Would you give the number of lines in the entries that contain the word "living"? Nothing else is needed.

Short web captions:
%%

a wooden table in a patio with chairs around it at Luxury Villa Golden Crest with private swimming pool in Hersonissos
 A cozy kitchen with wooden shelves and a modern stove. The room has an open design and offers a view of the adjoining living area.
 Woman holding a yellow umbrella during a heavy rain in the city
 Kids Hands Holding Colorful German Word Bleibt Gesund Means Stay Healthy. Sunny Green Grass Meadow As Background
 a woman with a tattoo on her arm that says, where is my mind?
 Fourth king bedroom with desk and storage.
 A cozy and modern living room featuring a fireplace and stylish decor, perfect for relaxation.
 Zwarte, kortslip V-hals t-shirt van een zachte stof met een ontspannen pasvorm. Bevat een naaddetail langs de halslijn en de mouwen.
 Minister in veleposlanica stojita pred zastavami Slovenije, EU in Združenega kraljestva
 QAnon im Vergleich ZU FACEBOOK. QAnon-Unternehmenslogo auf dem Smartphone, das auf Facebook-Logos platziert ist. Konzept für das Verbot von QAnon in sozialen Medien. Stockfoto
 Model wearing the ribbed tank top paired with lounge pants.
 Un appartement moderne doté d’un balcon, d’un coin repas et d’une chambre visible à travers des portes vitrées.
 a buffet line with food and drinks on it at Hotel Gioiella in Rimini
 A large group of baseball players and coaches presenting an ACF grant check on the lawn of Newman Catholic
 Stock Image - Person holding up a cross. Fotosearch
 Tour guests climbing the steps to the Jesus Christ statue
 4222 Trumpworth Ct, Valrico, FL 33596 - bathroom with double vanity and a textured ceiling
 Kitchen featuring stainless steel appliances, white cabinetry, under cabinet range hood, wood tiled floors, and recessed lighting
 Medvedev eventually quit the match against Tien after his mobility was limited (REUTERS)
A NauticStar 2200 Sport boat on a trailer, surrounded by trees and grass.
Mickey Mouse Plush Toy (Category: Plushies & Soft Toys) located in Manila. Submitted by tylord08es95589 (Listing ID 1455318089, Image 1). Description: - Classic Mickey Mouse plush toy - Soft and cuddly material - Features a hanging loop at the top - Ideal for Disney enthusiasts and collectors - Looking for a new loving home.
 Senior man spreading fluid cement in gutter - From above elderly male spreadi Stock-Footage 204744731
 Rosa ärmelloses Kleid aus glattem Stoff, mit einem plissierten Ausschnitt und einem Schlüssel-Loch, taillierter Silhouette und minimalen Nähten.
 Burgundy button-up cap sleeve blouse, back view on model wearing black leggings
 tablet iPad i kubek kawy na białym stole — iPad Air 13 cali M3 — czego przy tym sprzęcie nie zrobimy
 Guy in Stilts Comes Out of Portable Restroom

%%

§ Task solution
2